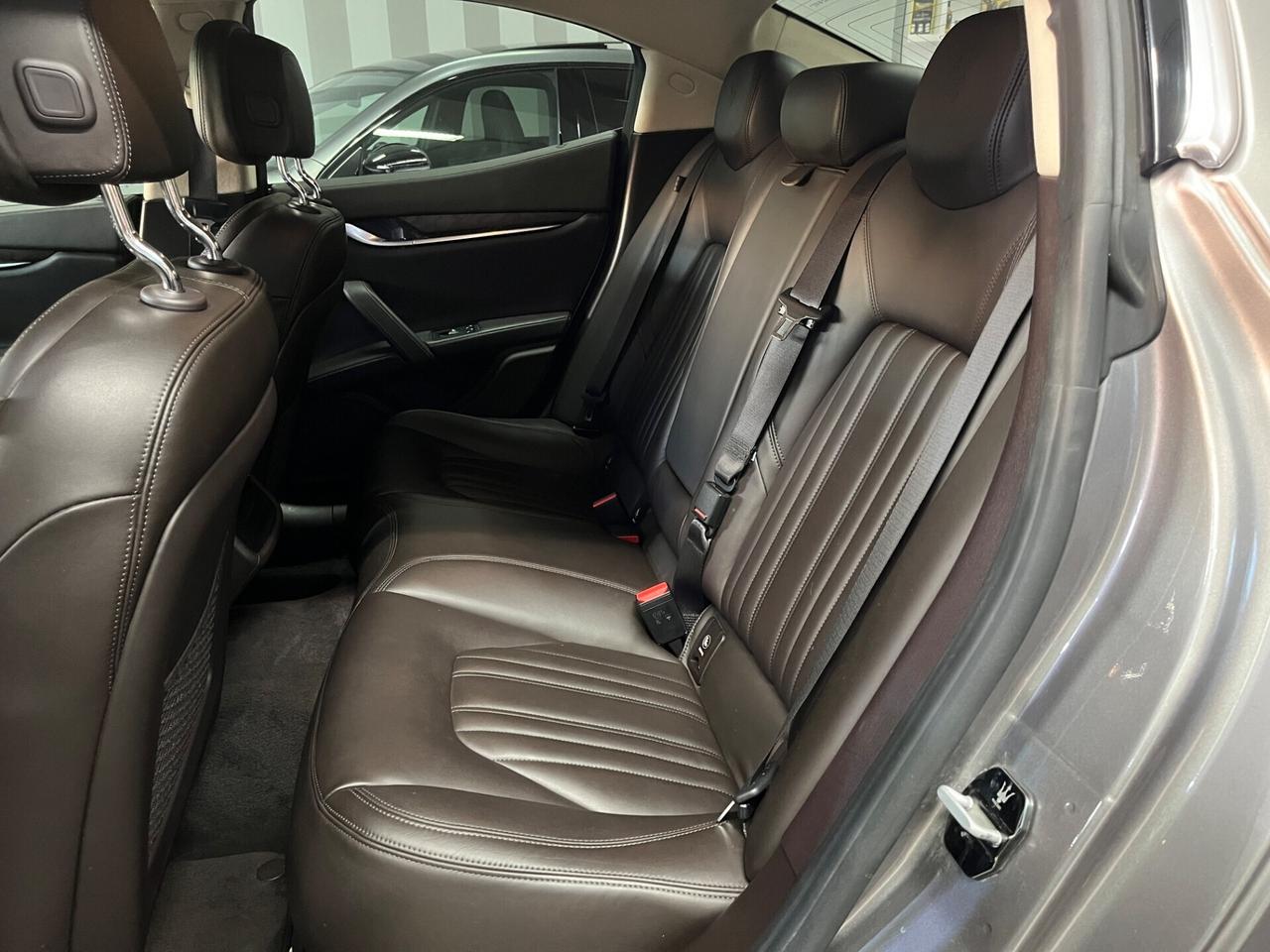 Maserati Ghibli 3.0d V6 250cv FULL SERVICE MASERATI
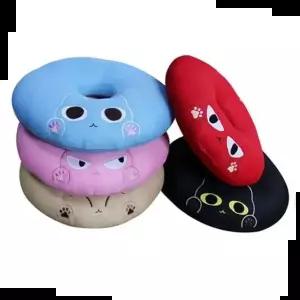 필로우 헬로캣 에어매쉬 도넛방석(BIG)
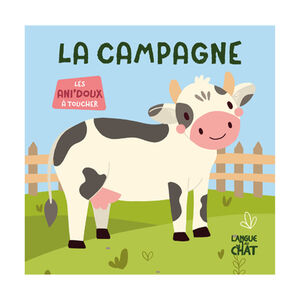 Livre à toucher Les ani'doux | La campagne 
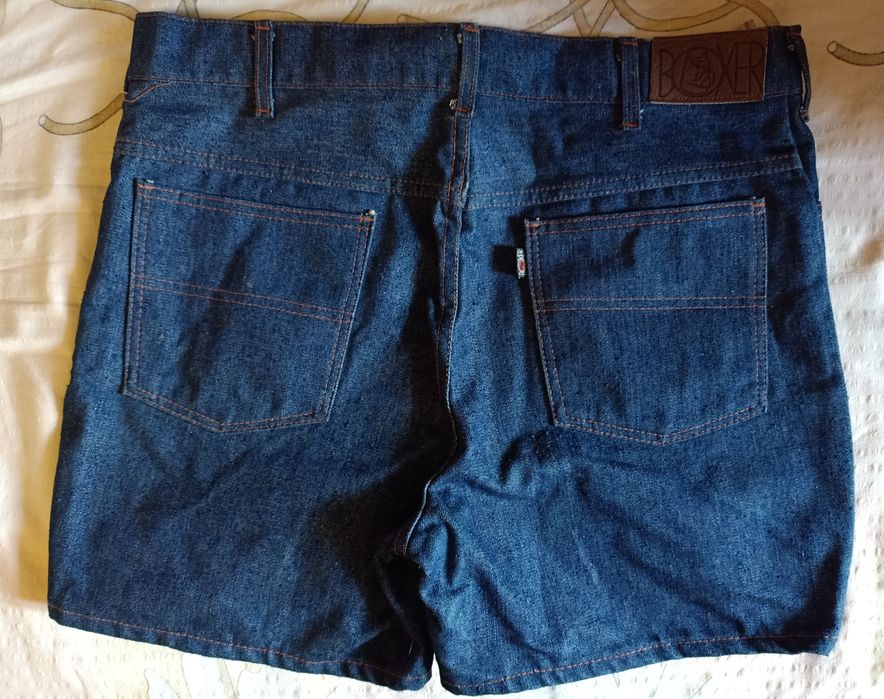 Супер раритет! Новые винтажные шорты BOXER W34 ГДР visent texas
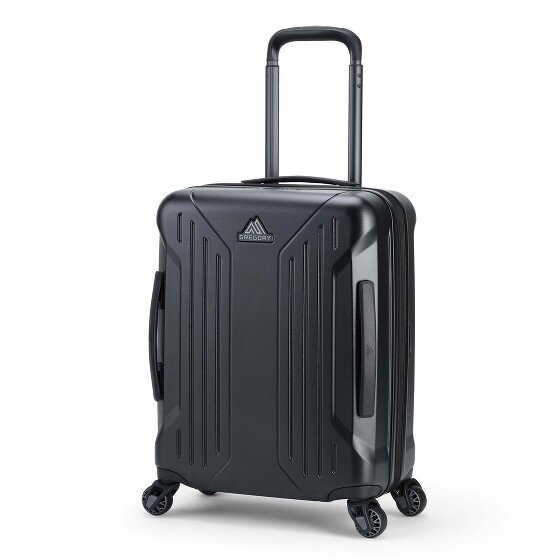 Gregory Quadro Pro 4 kółka Walizka kabinowy 55 cm z plisą rozprężną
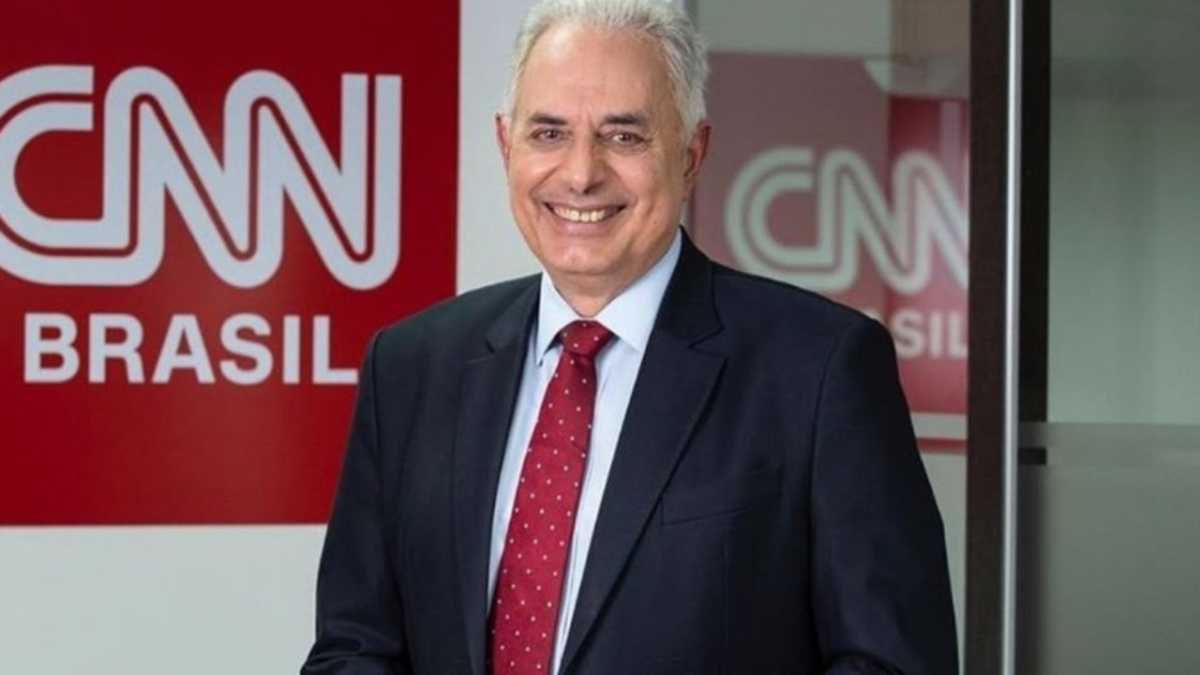 William Waack na CNN Brasil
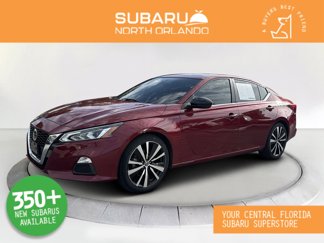 Used 2021 Nissan Altima 2.5 SR image 1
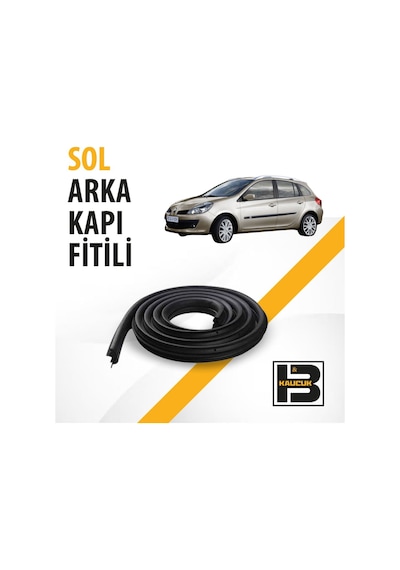 Renault Clio 3 Station Wagon Sol Arka Kapı Fitili Bm04256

========================================

**WHAT NEEDS TO BE DONE**
Between and including the line above that contains "필로우 헬로캣 에어매쉬 도넛방석(BIG)" and the line that contains "Used 2021 Nissan Altima 2.5 SR image 1", restate every line word for word. Pictures stay out.

**REPLY TO THE EXERCISE**
 필로우 헬로캣 에어매쉬 도넛방석(BIG)
 Livre à toucher Les ani'doux | La campagne 
 Супер раритет! Новые винтажные шорты BOXER W34 ГДР visent texas
 Gregory Quadro Pro 4 kółka Walizka kabinowy 55 cm z plisą rozprężną
 William Waack na CNN Brasil
 Used 2021 Nissan Altima 2.5 SR image 1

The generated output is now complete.